» TASK DESCRIPTION
Each entry below should be given again exactly; the pictures stay out.

INPUT RECORDS section start

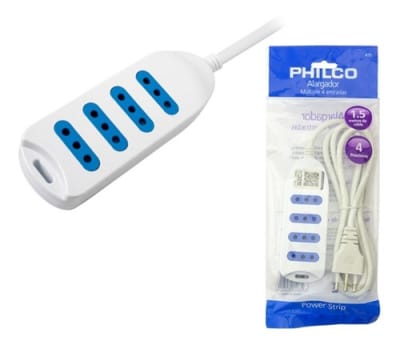Alargador Philco 1.5 Metros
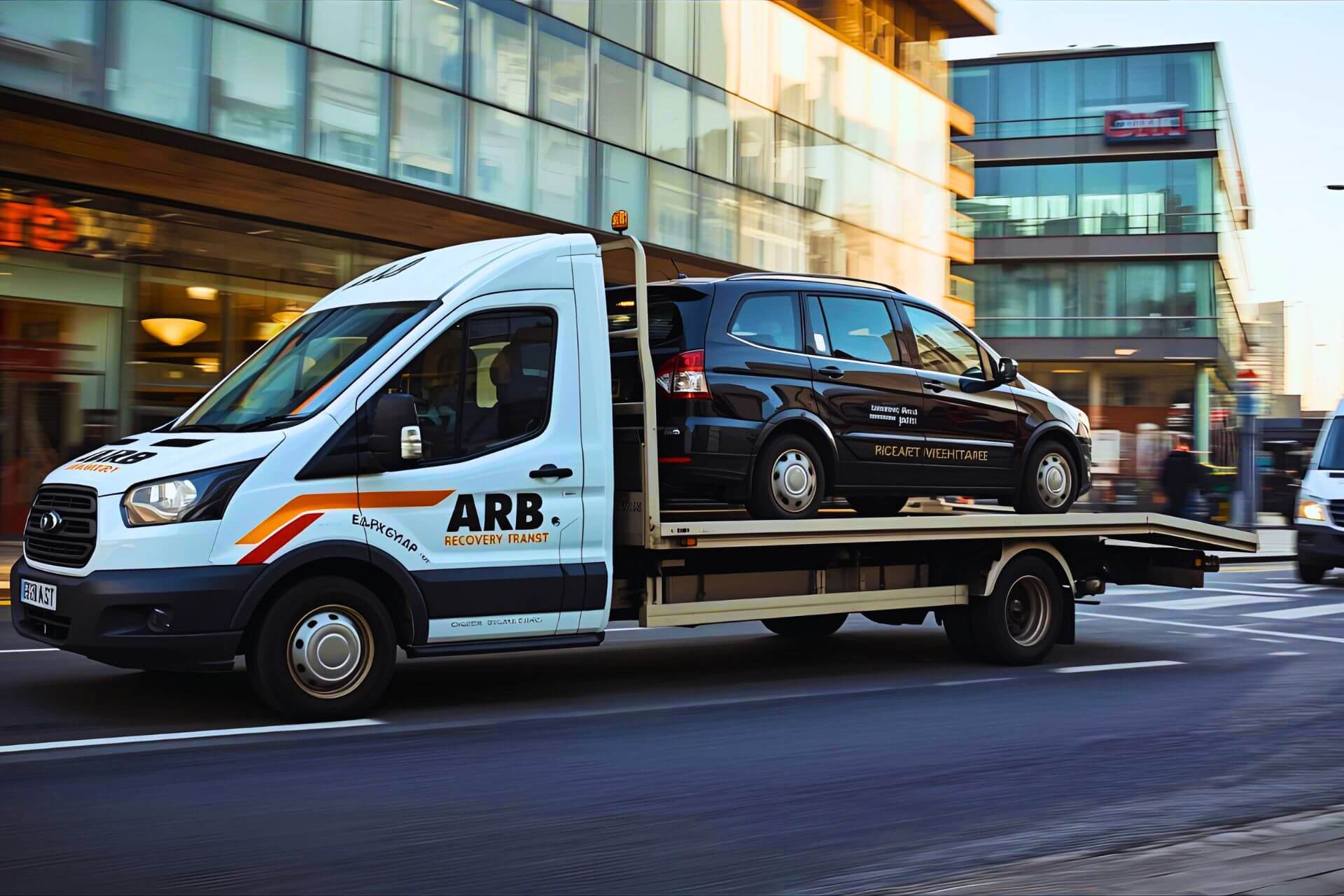 Broken down in Stratford, Newham? ARB Recovery provides fast 24/7 breakdown recovery & towing. We cover E15, E20 & all Stratford areas. Call 07933 849 012 now!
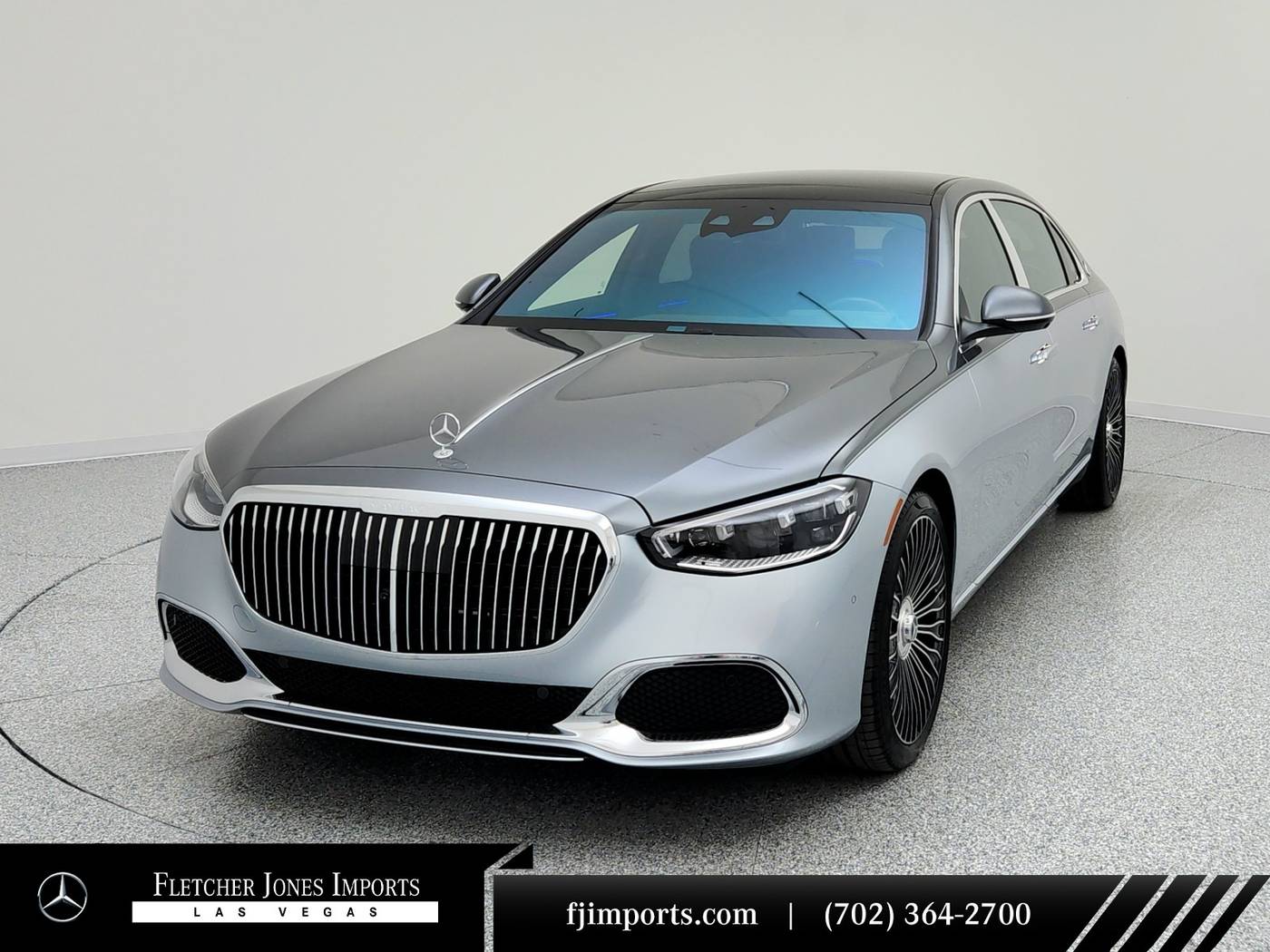 2024 Mercedes-Benz S-Class Maybach S 580 — Sedan — 1,650 mi — Las Vegas, NV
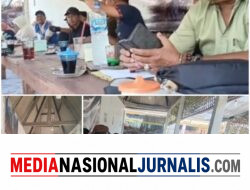 Rombak Struktur Jarkowal Menjadi Jarkopnas pererat Silahturahim Antar Media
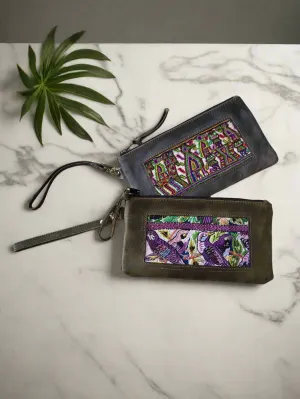 Guatemalan Handcrafted Clutches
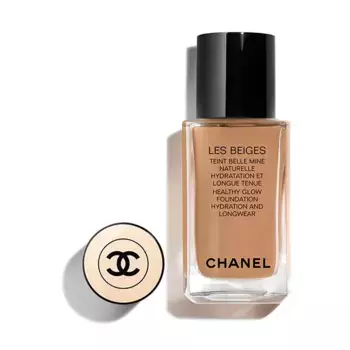 Составляют основу LES BEIGES FOND TEINT Chanel, цвет fluide b70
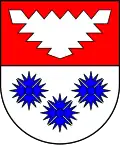 Coat of arms of Stoltenberg
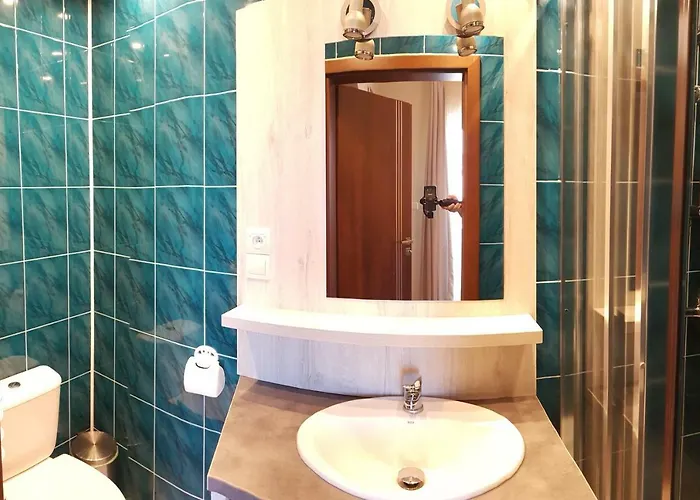 Kamieniczka Elm - Centrum, 100m Od Morza Jastrzębia Góra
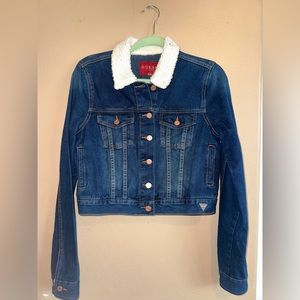 Women’s Guess Denim Jacket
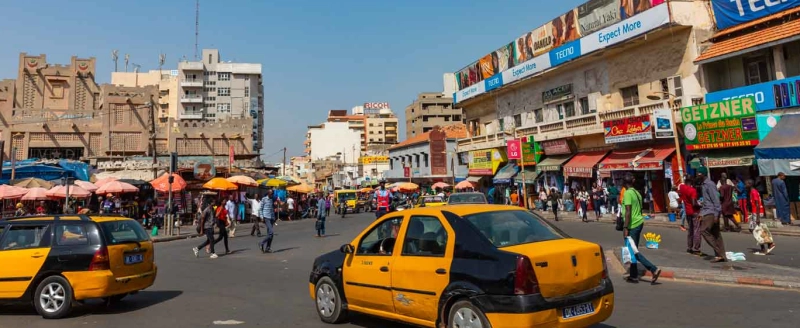 Dakar, Sénégal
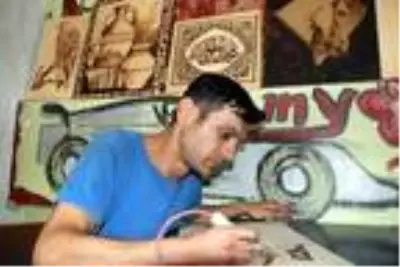 Bitlis'in ressam kaportacısı Bitlis'in ressam kaportacısı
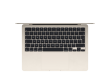 13-inch MacBook Air: Apple M5 chip with 10-core CPU and 10-core GPU, 16GB, 1TB SSD - Starlight,Model A3449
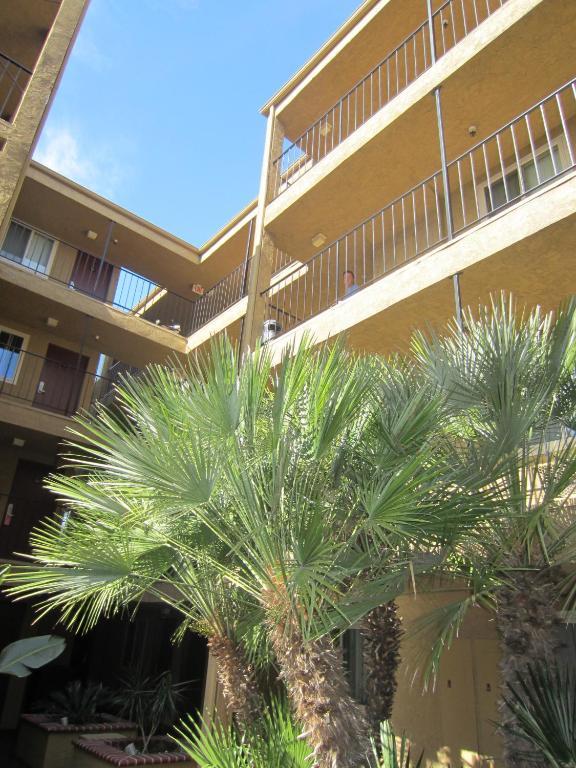 West Park Inn- Extended Stay / Weekly Rates Available San Diego Luaran gambar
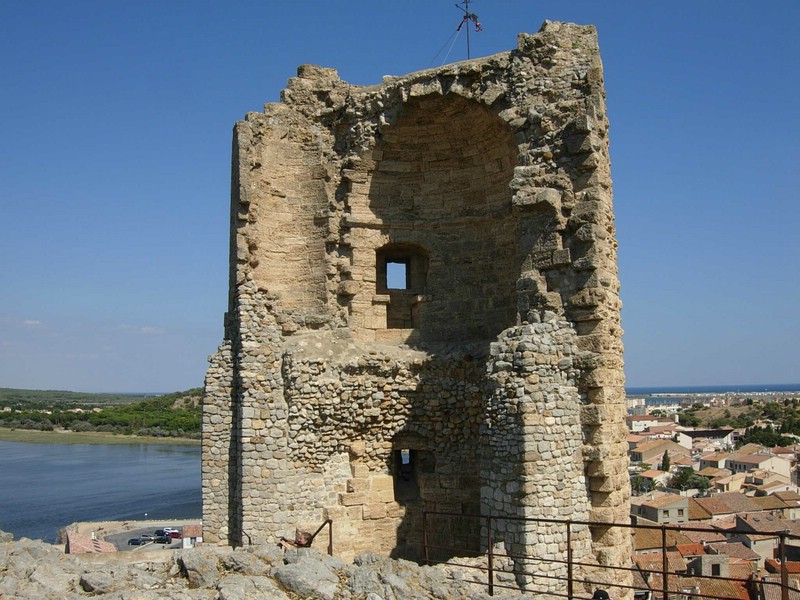 08 - Turm Barbarousse (Rotbart)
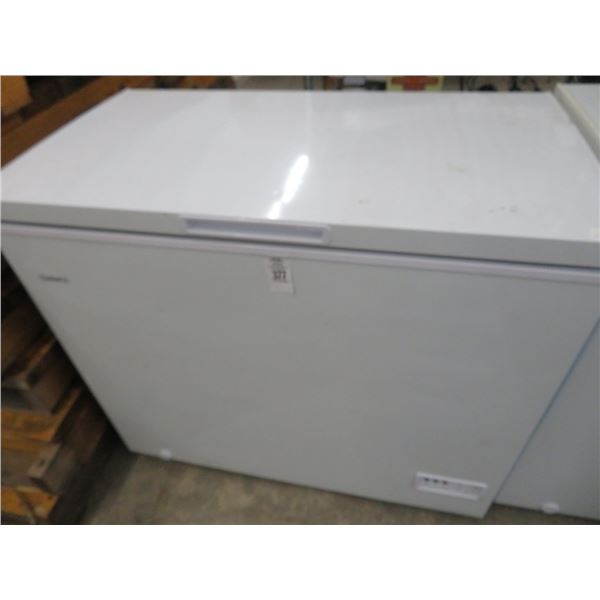 Gallanz 3' White Chest Freezer 15°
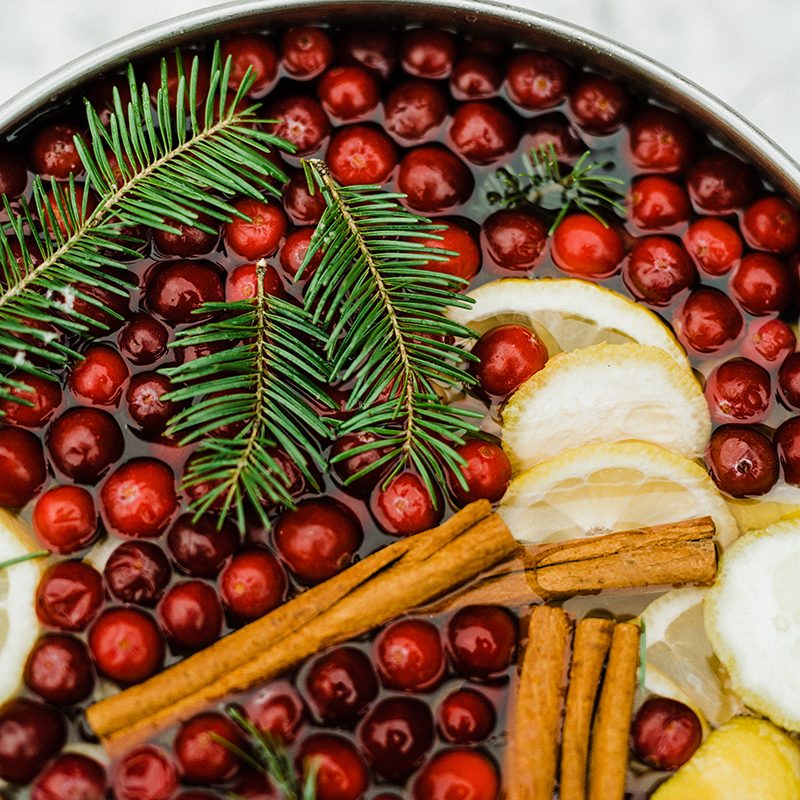 Indulge Joyfully on Holiday Food and Treats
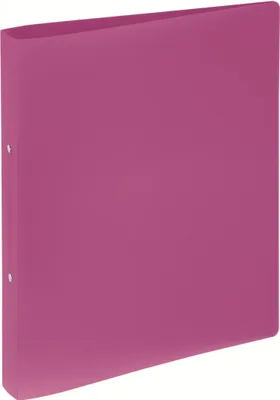 Immagine prodotto di PAGNA Ringbuch A4 25mm PP 2-Ring-Mechanik dunkelrosa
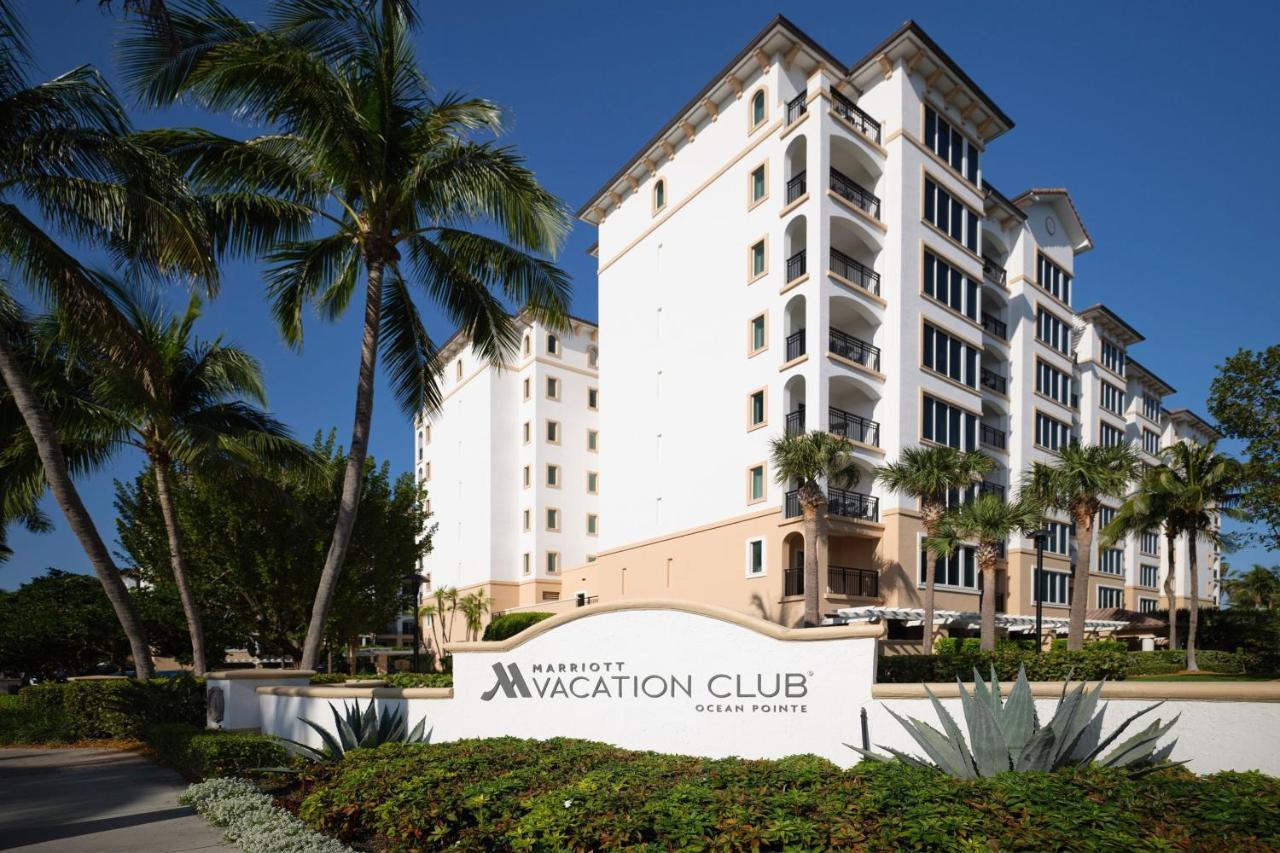 Marriott'S Ocean Pointe Otel Palm Beach Shores Dış mekan fotoğraf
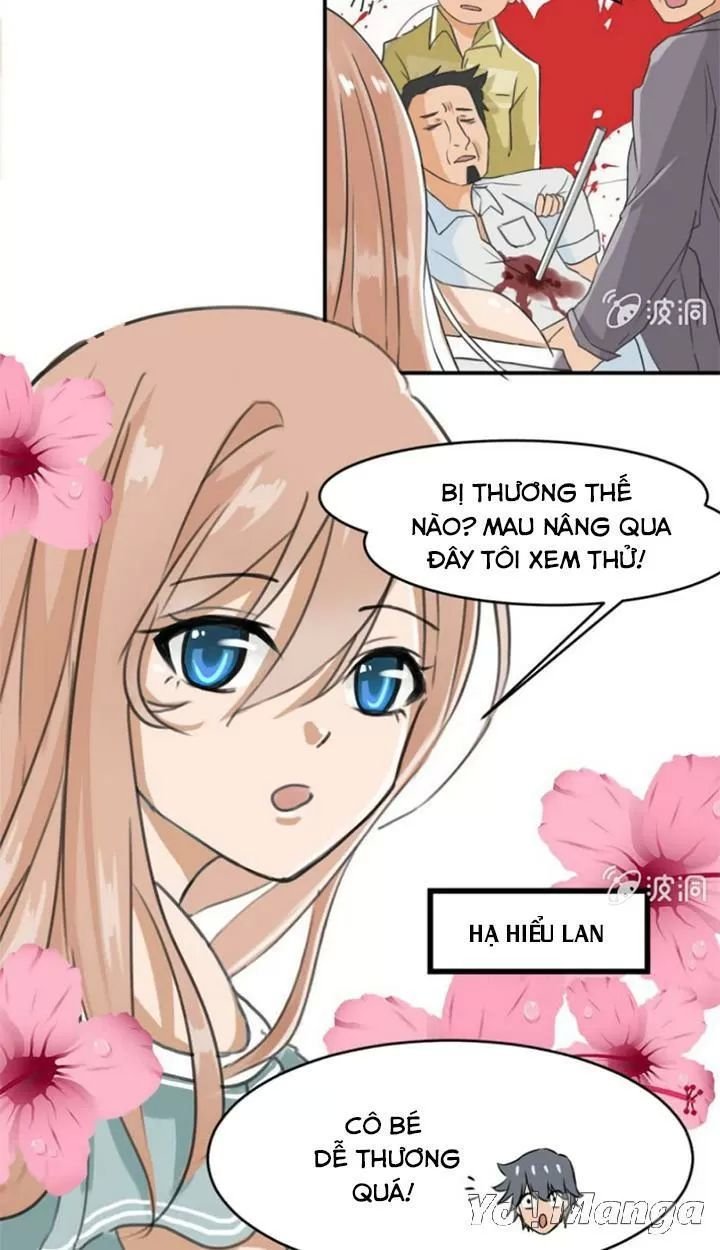 cực phẩm thấu thị chapter 10 4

INPUT RECORDS section end

» EXERCISE RESPONSE
Alargador Philco 1.5 Metros
 Broken down in Stratford, Newham? ARB Recovery provides fast 24/7 breakdown recovery & towing. We cover E15, E20 & all Stratford areas. Call 07933 849 012 now!
 2024 Mercedes-Benz S-Class Maybach S 580 — Sedan — 1,650 mi — Las Vegas, NV
 Rombak Struktur Jarkowal Menjadi Jarkopnas pererat Silahturahim Antar Media
 Guatemalan Handcrafted Clutches
 Составляют основу LES BEIGES FOND TEINT Chanel, цвет fluide b70
 Coat of arms of Stoltenberg
 Kamieniczka Elm - Centrum, 100m Od Morza Jastrzębia Góra
 Women’s Guess Denim Jacket
 Dakar, Sénégal
 Bitlis'in ressam kaportacısı Bitlis'in ressam kaportacısı
 13-inch MacBook Air: Apple M5 chip with 10-core CPU and 10-core GPU, 16GB, 1TB SSD - Starlight,Model A3449
 West Park Inn- Extended Stay / Weekly Rates Available San Diego Luaran gambar
 08 - Turm Barbarousse (Rotbart)
 Gallanz 3' White Chest Freezer 15°
 Indulge Joyfully on Holiday Food and Treats
 Immagine prodotto di PAGNA Ringbuch A4 25mm PP 2-Ring-Mechanik dunkelrosa
 Marriott'S Ocean Pointe Otel Palm Beach Shores Dış mekan fotoğraf
 cực phẩm thấu thị chapter 10 4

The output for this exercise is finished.